I then began reading Susan Gubar’s “Memoir of a Debulked Woman” which is an incredibly confronting account of her diagnosis in 2008 of ovarian cancer and the various treatments she underwent. This book is definitely not for the faint-hearted as she chronicles in harrowing detail the elective hell of her invasive cancer treatment. Her “suboptimal” surgery resulted in unexpected and ghastly outcomes, ongoing infections, and months of coping with extreme pain. Her story not only put my moaning about how long it is taking for the wound on the back of my neck to heal in perspective, it also made me feel extremely grateful that I had not been a candidate for Whipple’s surgery, another debulking operation that some pancreatic cancer patients are offered.

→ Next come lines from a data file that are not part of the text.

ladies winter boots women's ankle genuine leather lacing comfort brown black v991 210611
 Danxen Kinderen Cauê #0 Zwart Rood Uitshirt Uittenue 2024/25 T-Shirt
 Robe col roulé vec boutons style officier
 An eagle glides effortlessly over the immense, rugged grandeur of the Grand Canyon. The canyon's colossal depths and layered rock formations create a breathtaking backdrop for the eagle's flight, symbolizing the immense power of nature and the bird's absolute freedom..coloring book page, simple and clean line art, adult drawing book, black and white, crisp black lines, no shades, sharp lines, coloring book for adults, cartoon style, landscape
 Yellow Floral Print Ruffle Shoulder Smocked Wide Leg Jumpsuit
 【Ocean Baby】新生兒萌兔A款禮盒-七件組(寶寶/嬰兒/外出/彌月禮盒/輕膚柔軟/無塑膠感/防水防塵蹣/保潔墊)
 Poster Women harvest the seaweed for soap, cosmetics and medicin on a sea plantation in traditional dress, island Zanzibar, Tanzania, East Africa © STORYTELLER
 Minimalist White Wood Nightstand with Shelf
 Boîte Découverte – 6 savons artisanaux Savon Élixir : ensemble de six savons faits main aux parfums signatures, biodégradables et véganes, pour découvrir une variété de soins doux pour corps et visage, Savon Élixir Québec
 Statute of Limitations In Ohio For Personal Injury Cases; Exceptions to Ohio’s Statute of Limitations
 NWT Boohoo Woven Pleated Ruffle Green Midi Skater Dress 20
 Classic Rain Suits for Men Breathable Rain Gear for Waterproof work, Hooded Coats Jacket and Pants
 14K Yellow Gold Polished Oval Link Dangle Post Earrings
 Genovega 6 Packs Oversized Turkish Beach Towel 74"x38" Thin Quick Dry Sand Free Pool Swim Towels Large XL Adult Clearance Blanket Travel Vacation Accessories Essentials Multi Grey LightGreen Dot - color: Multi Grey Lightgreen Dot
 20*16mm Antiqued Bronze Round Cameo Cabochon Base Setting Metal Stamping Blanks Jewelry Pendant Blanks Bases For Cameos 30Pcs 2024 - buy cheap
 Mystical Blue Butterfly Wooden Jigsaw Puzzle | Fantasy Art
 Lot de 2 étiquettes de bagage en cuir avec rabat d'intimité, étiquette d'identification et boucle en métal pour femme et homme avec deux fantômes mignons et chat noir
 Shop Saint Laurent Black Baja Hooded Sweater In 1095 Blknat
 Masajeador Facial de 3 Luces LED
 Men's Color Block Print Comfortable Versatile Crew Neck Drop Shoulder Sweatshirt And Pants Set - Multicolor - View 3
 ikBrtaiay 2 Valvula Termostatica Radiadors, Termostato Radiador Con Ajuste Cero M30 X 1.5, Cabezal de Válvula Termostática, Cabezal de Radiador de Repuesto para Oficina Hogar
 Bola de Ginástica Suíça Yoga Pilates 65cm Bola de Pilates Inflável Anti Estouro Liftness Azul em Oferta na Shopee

Having googled Jenny Diski, author of “In Gratitude,” and discovered that she died in April 2016 soon after her book was published, and then Cory Taylor, author of “Dying: a memoir,” and found that she died in July 2016 soon after her book was published, I was somewhat reluctant to investigate whether Susan Gubar was still alive. Given that most ovarian cancer patients, like pancreatic cancer patients, also do not survive for very long, and it had been four years since her book was published I expected the worst.

However a recent sleepless night found me at my computer undertaking more googling, resulting in the news that not only is Susan Gubar still alive she is blogging for the New York Times with her recent blog dated 26 August 2016:

I then went looking to see if anyone had written a book about their experience of pancreatic cancer, and found Bob Brown’s “The Ride of My Life: A fight to survive pancreatic cancer.” Despite my objections to all the unremitting and unhelpful battle terminology that surrounds cancer patients, I have ordered the book – because Bob Brown died in 2013.